**Exercise directions:**
Whatever lies between the line with "Item preview, Owen" and the end of the data, both included, must be copied exactly and without pictures.
━━━━━ The records ━━━━━
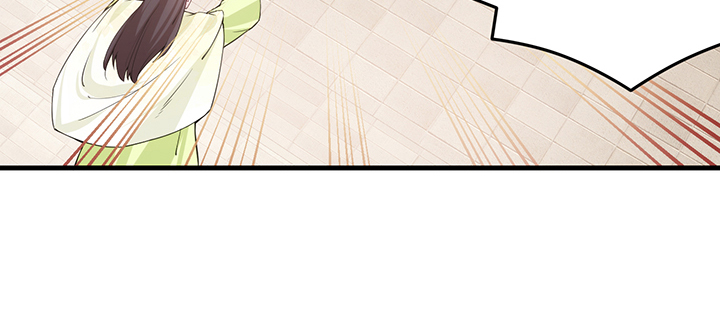 139话 护你周全(1/2)-第139话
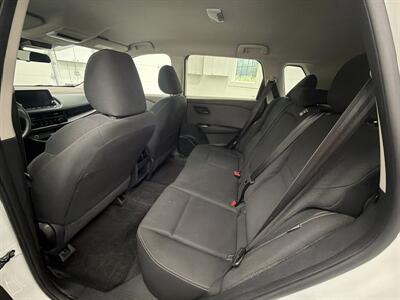 2023 Nissan Rogue S - Photo 12 - Spring City, PA 19475
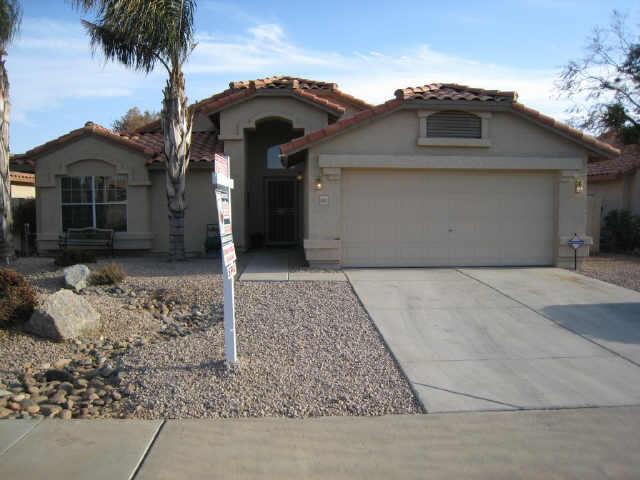 6933 E Laguna Azul Ave., Mesa, AZ 85209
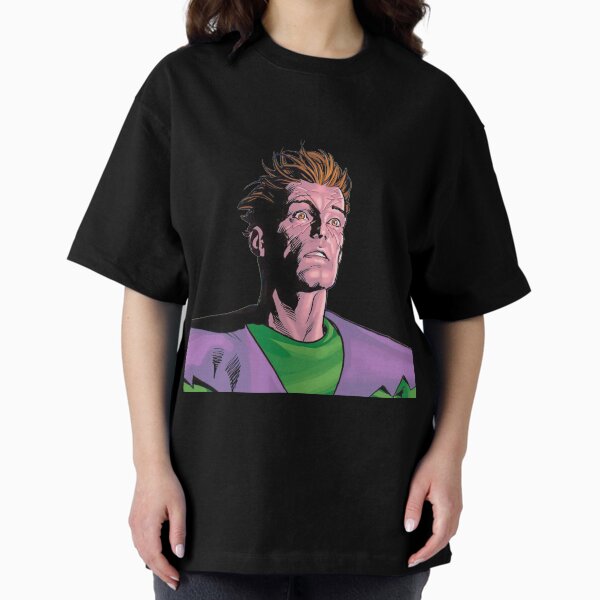Item preview, Owen Reece designed and sold by shopLokiSeries.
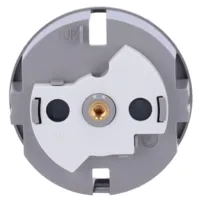 Ajax Outlet SideCover Smart. Color Gris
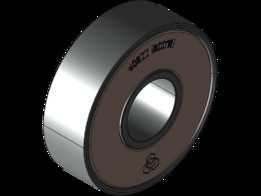 ���608zz��80018��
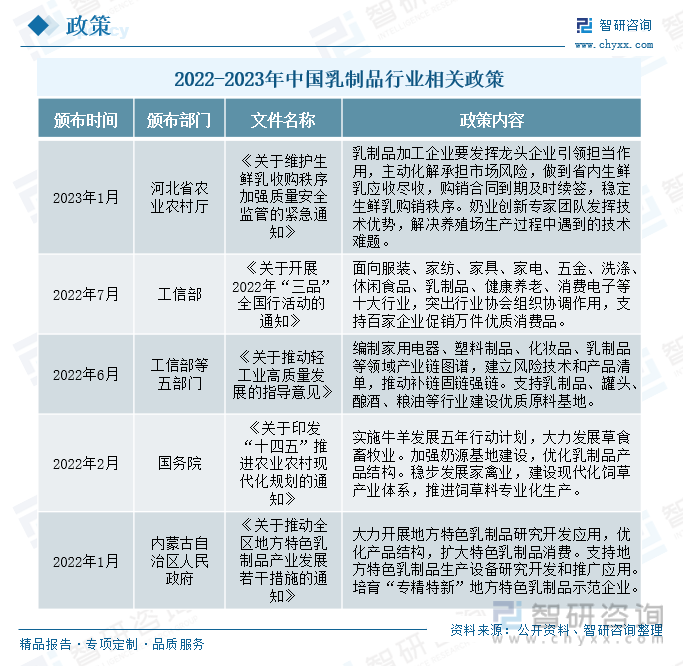 驼奶魅力：新疆驼奶粉，开启宝宝健康营养新时代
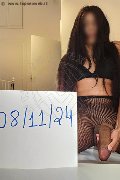 Foto Hot Giulia Cavali Attiva Annunci Sexy Trav Milano 3203868114 - 130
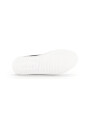 mocassin-avec-semelle-interieure-optifit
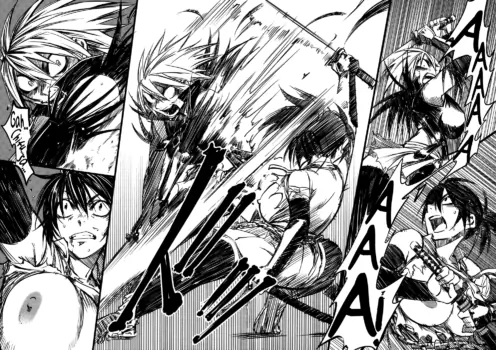 Page 181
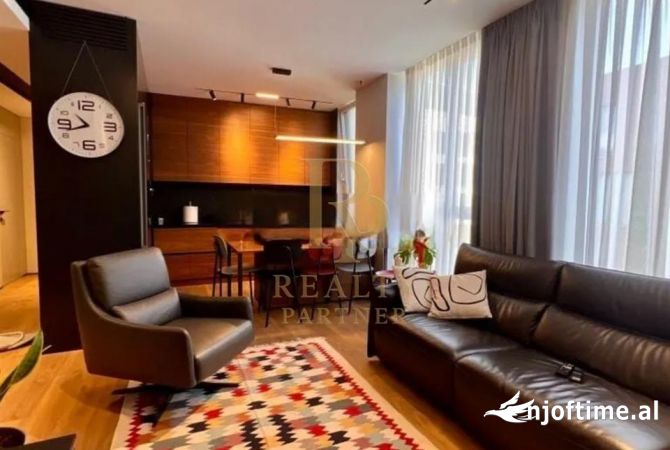 Shtepi ne shitje 2+1 ne Tirane - 255,000 Euro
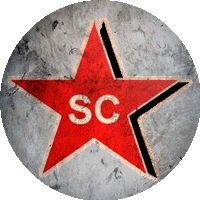 Logo Social y Deportivo Sportsman Club de Choele Choel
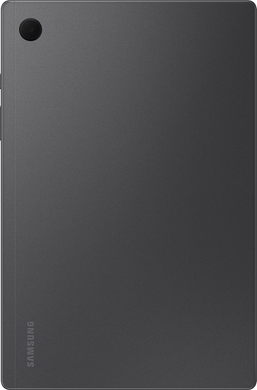Samsung Galaxy Tab A8 10,5" (2022) WiFi 3/32Gb (dark gray) (SM-X200NZAASEK)
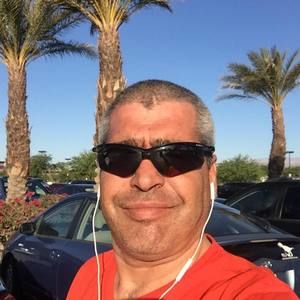 Meet your Posher, Codrut claudiu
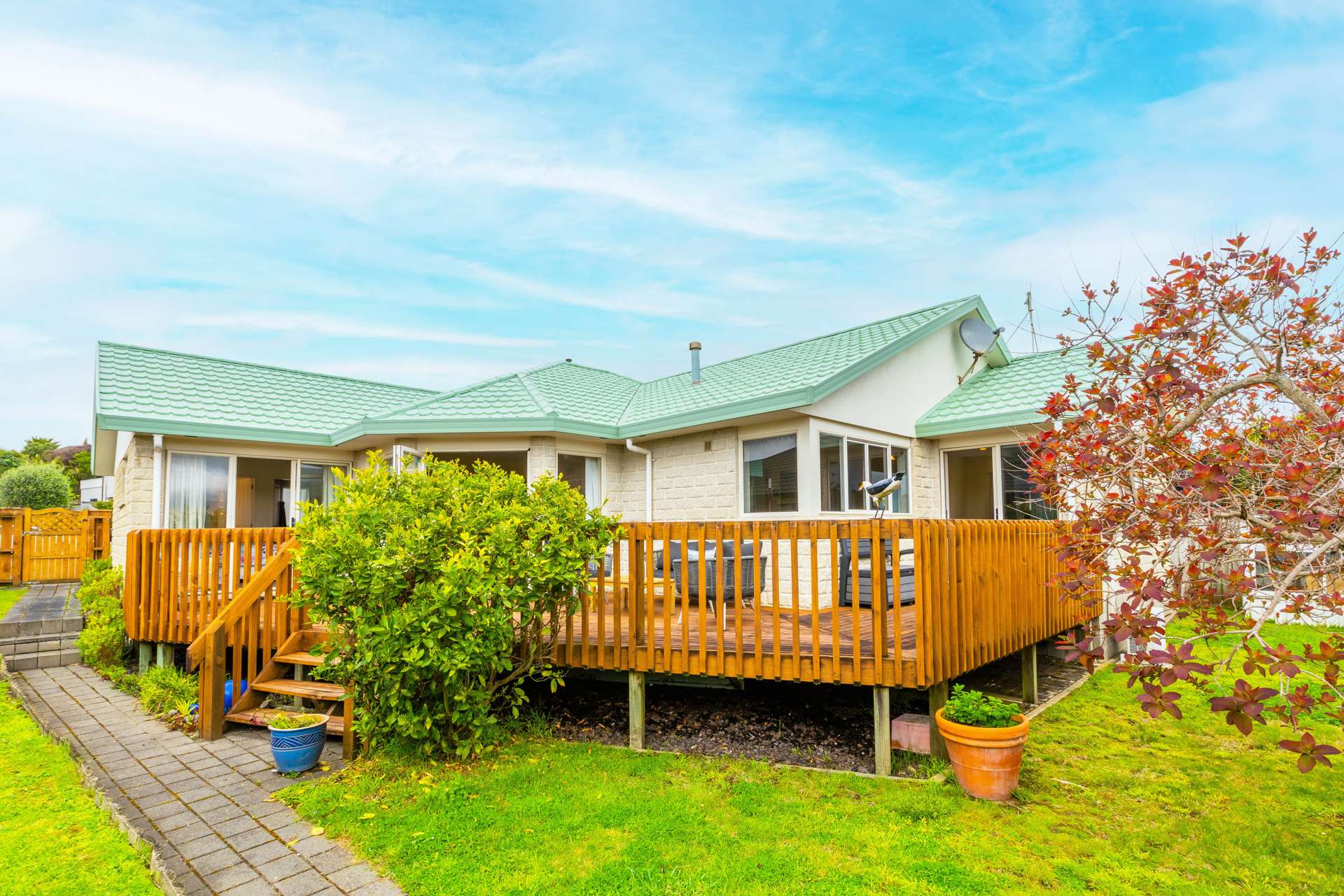 6 Rifleman Lane Paraparaumu Beach_0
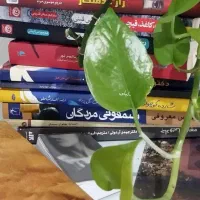 جزوه کنکوری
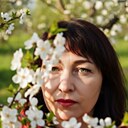 Юлия, 44 года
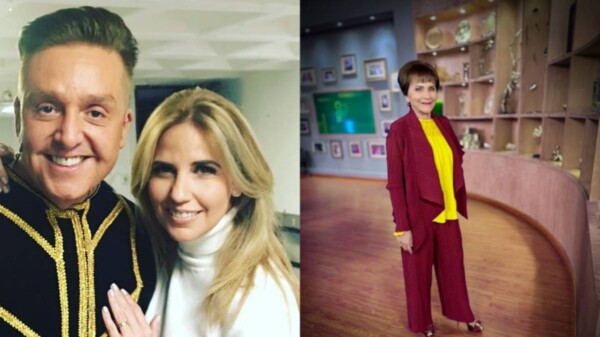 Raquel Bigorra defiende a la familia Bisogno tras acusaciones de Pati Chapoy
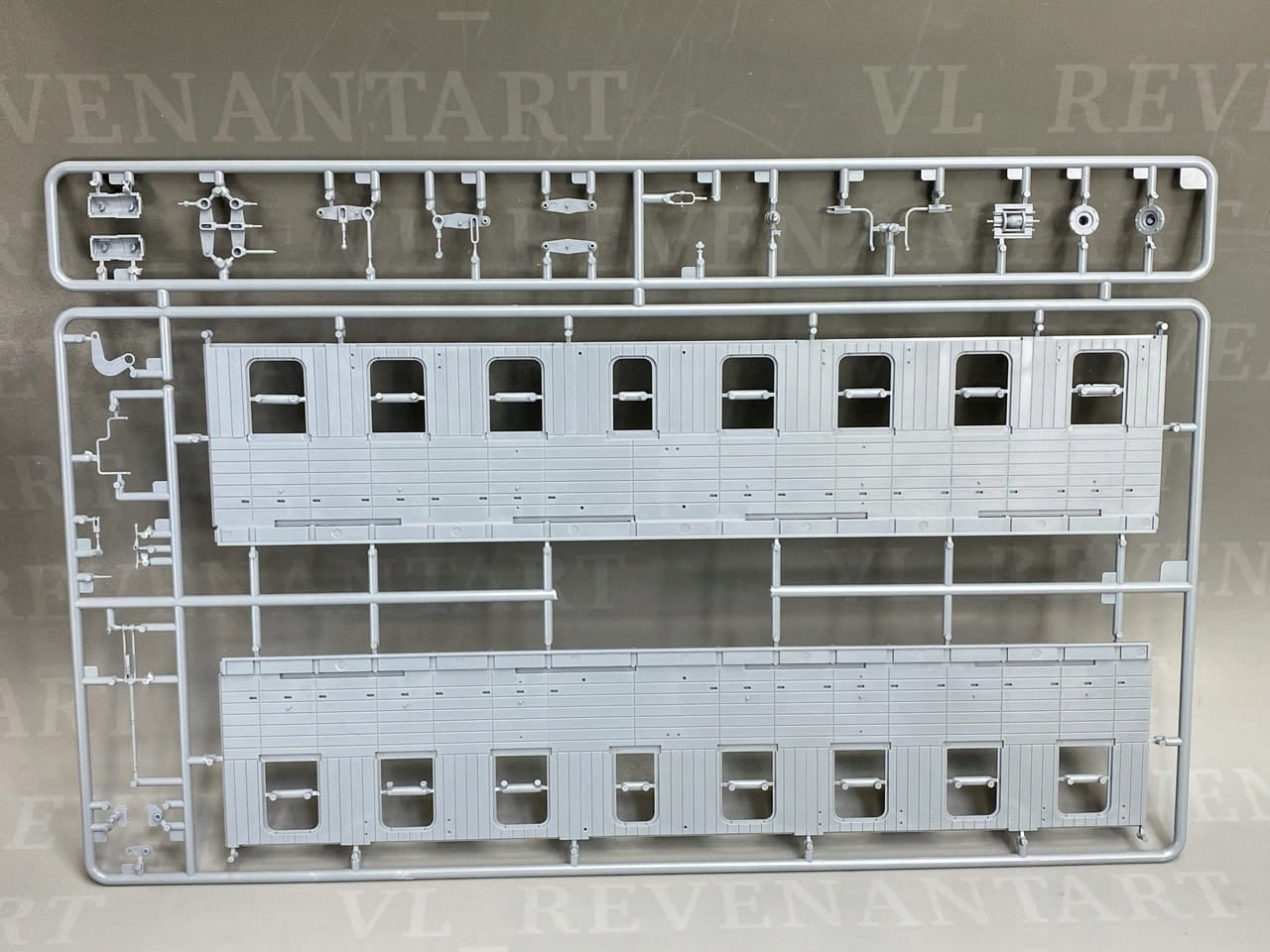 f8897f3fce237c5853c275d3cb03447c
━━━━━
**Reply to the task:**
Item preview, Owen Reece designed and sold by shopLokiSeries.
 Ajax Outlet SideCover Smart. Color Gris
 ���608zz��80018��
 驼奶魅力：新疆驼奶粉，开启宝宝健康营养新时代
 Foto Hot Giulia Cavali Attiva Annunci Sexy Trav Milano 3203868114 - 130
 mocassin-avec-semelle-interieure-optifit
 Page 181
 Shtepi ne shitje 2+1 ne Tirane - 255,000 Euro
 Logo Social y Deportivo Sportsman Club de Choele Choel
Samsung Galaxy Tab A8 10,5" (2022) WiFi 3/32Gb (dark gray) (SM-X200NZAASEK)
 Meet your Posher, Codrut claudiu
 6 Rifleman Lane Paraparaumu Beach_0
 جزوه کنکوری
 Юлия, 44 года
 Raquel Bigorra defiende a la familia Bisogno tras acusaciones de Pati Chapoy
 f8897f3fce237c5853c275d3cb03447c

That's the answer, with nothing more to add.